30.7.2020

Bei Wenders war gestern «Im Lauf der Zeit» an der Reihe, weil ich die beiden in der Chronologie nach Der Angst des Tormanns schon geschaut hatte (Falsche Bewegung und Alice in den Städten), oder aber ich den Film nicht enthalten fand im Angebot der Mediathek (Der Scharlachrote Buchstabe). Da es jetzt ein Film nicht nach dem Drehbuch von Peter Handke war wie Tormann und Falsche Bewegung fragte ich mich natürlich: Was hat Peter Handke in dieser Zeit gemacht.
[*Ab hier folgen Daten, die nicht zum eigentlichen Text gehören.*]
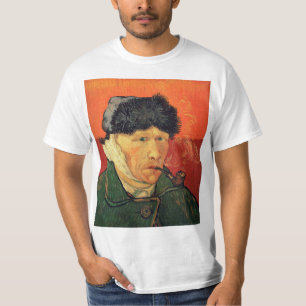 T-shirt Van Gogh - Autoportrait à l'oreille bandée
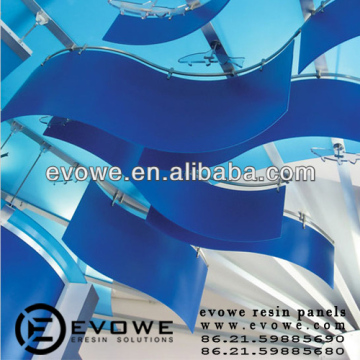 decorative colored access expoxy acrylic plexiglass sheet panels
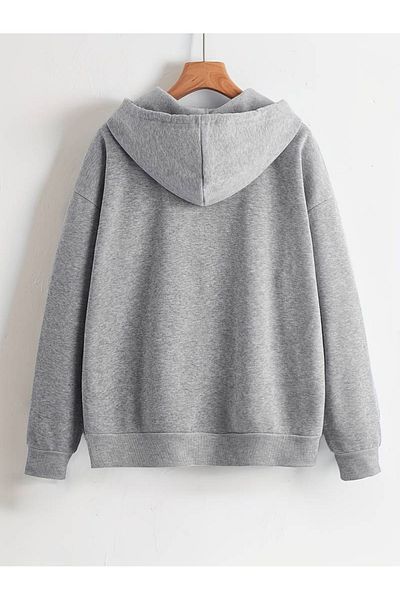 THEKONT Ζακέτα ιδρώτα Unisex με φερμουάρ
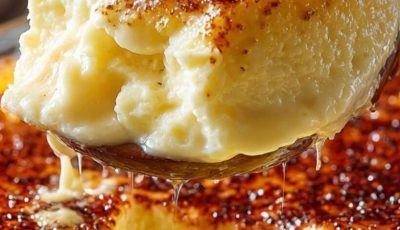 Old-Fashioned Vanilla Baked Custard!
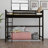 Allan-John Pine Solid Wood Slat Headboard Design Bed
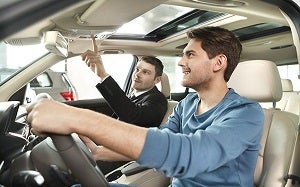 Schedule a test drive at Seaside Cadillac in SEASIDE, CA.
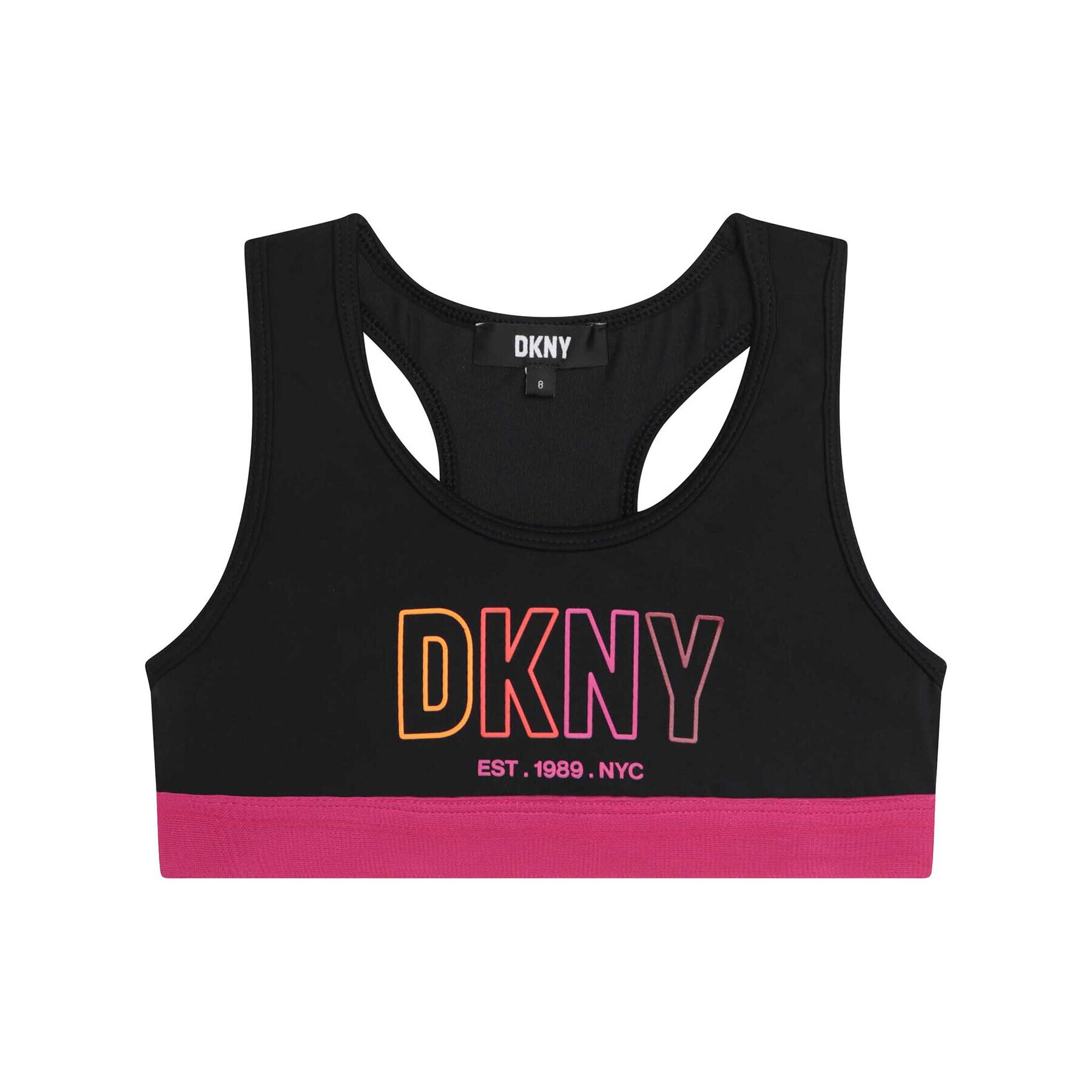 DKNY Бански костюм D37115 S Черен - Pepit.bg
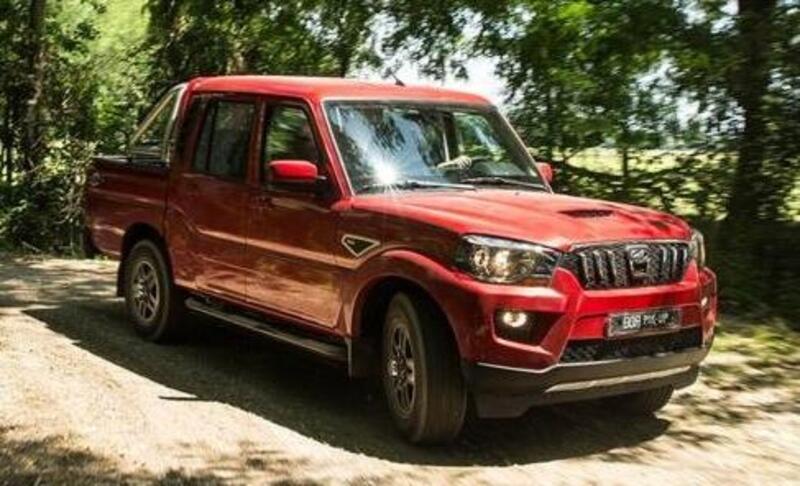Mahindra Goa Pick-up 2.2 CRDe 16V 4WD SC Pick-Up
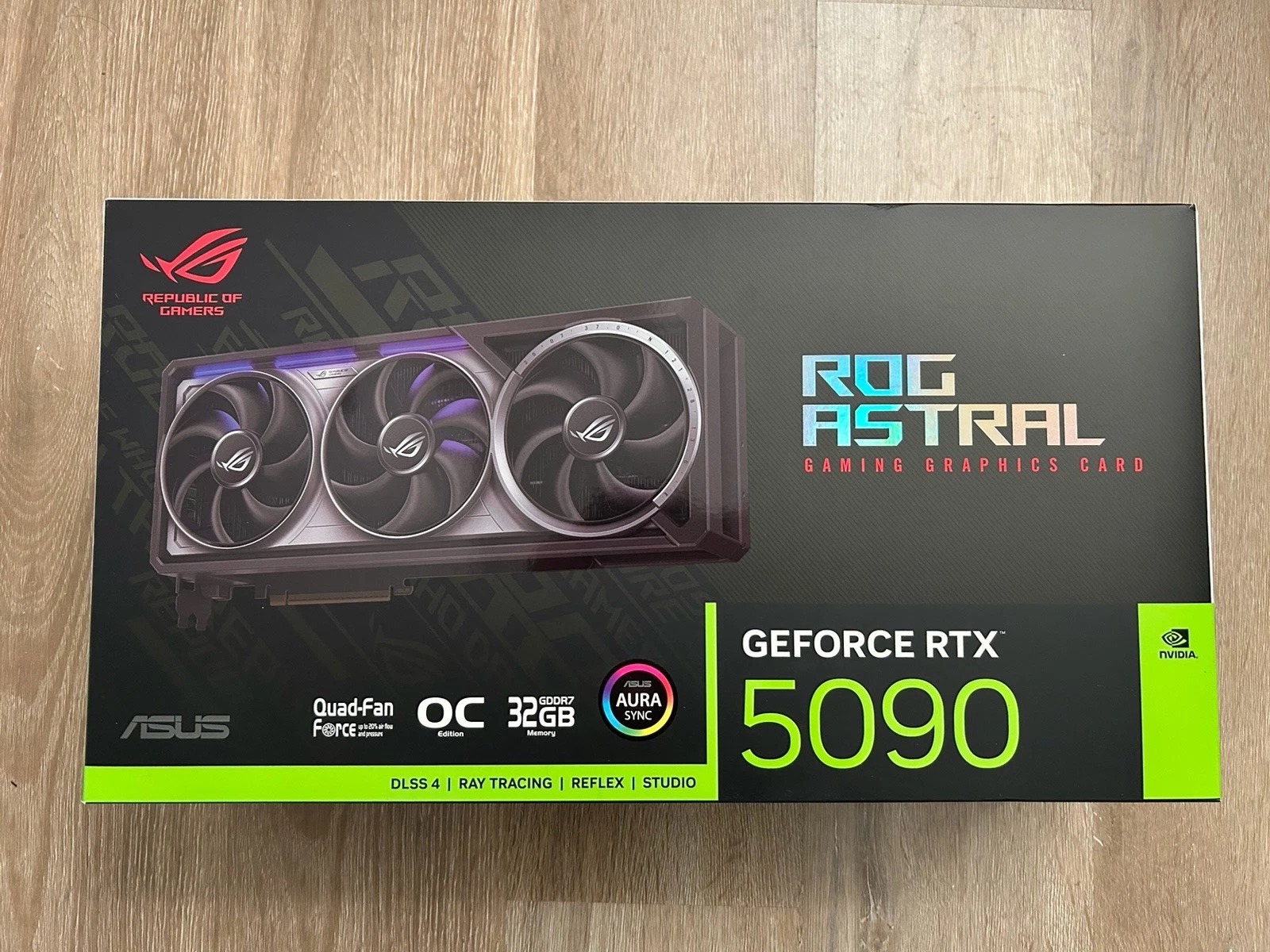 ASUS ROG Astral RTX 5090 32GB Продается оптом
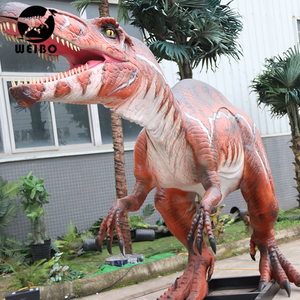 Robot Dinosaurio Animatrónico, Simulación de Dinosaurio para Atracción de Zoológico, Exhibición en Parques Temáticos - Product Image 6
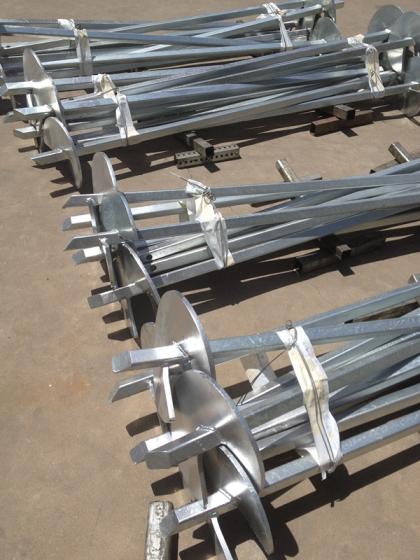 Anchor Lead Triple Helix 14 12 10" 7k lbs RCS Shaft 1.5"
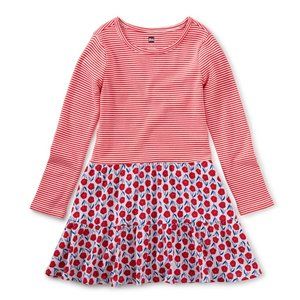 Tea Collection Tiered Skirted Dress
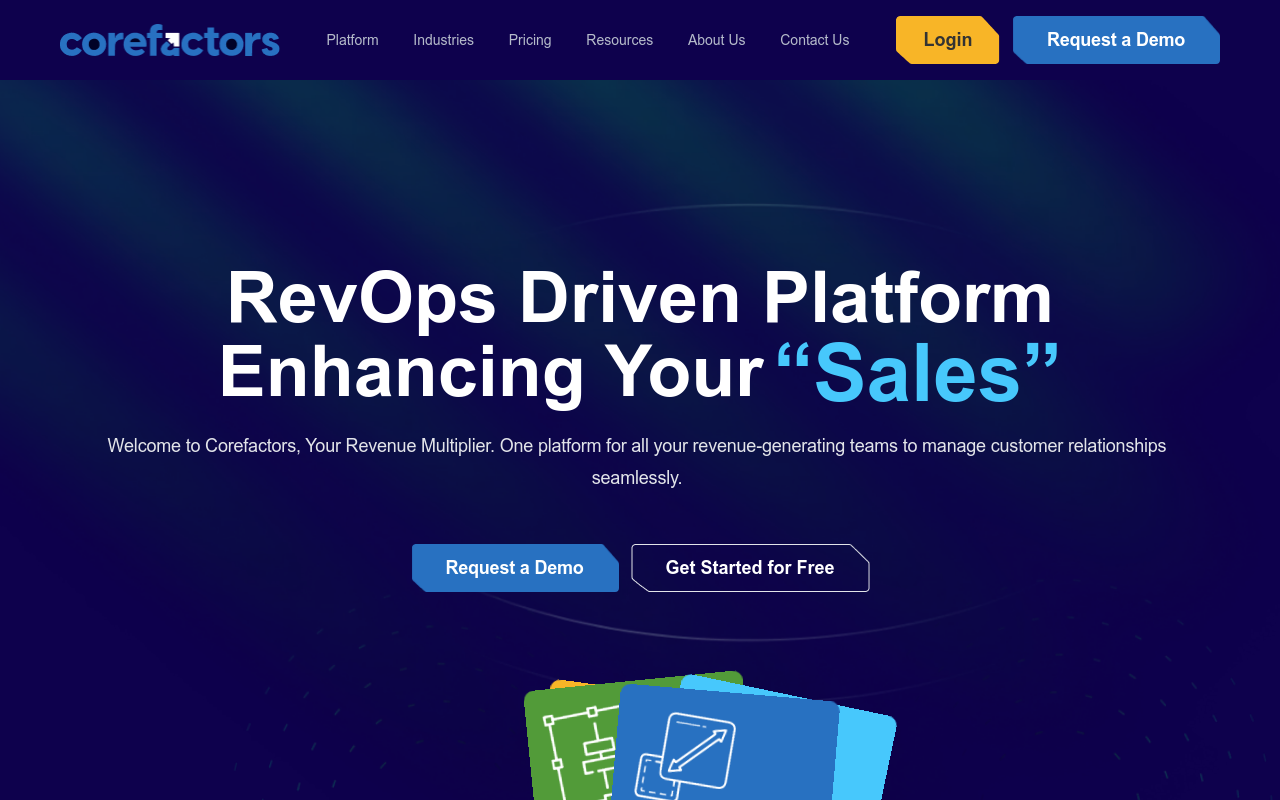 Corefactors AI CRM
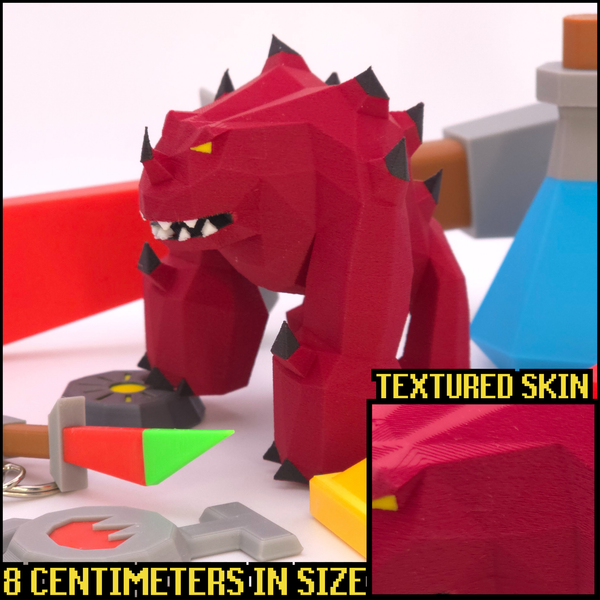 Runescape TzTok-Jad Minifigure - Cool Gaming Stuff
War er eingeschnappt wegen des Fremdgehens von Wenders für Alice? Ich griff ins Regal, aus der Vermutung heraus, dass in Handkes Tagebuch Das Gewicht der Welt jener fragliche Zeitraum abgedeckt sein müsste. Und: erstens richtig gedacht, zweitens blieb ich sogleich hängen an einem Satz aus dem Januar 1976: «Das Gefühl der Henkersmahlzeit beim Anblick von Gummipflanzen». Das ist ein Satz — und im Gewicht der Welt gibt es noch einige von dieser Güte — den ich für unverfilmbar halte, nicht in dem Sinn, dass es undenkbar bleibt, dass er in einem Dialog vorkommt. In den frühen Filmen von Wim Wenders sagen die Figuren andauernd so ähnliche Sätze, nicht bloß in denen, für die Peter Handke die Dialoge geschrieben hat, und mein Eindruck bis dato ist, dass sie diese Sätze um des Vorhandenseins dieser Sätze in der vom Film behaupteten Welt vorbringen und nicht, weil diese Sätze den Figuren entsprechen.
Unverfilmbar halte ich den Vorgang, den der Satz mit der Henkersmahlzeit und den künstlichen Pflanzen zum Ausdruck bringt — Vergleichbar mit der Szene, in der Charlie Kaufman sieht, dass der angebliche Wunderheiler, der seine letzte Hoffnung darstellt in zweierlei Hinsicht, den vorgeblichen Tumor, ein Stückchen Hühnerfleisch, in seiner hohlen Hand verborgen hält zu Beginn seines Heilungsrituals. Gut, der Satz von Handke ist damit also vielleicht doch verfilmt worden, aber halt nicht von Wenders, sondern von Miloš Forman und damit nicht in seiner Zeit.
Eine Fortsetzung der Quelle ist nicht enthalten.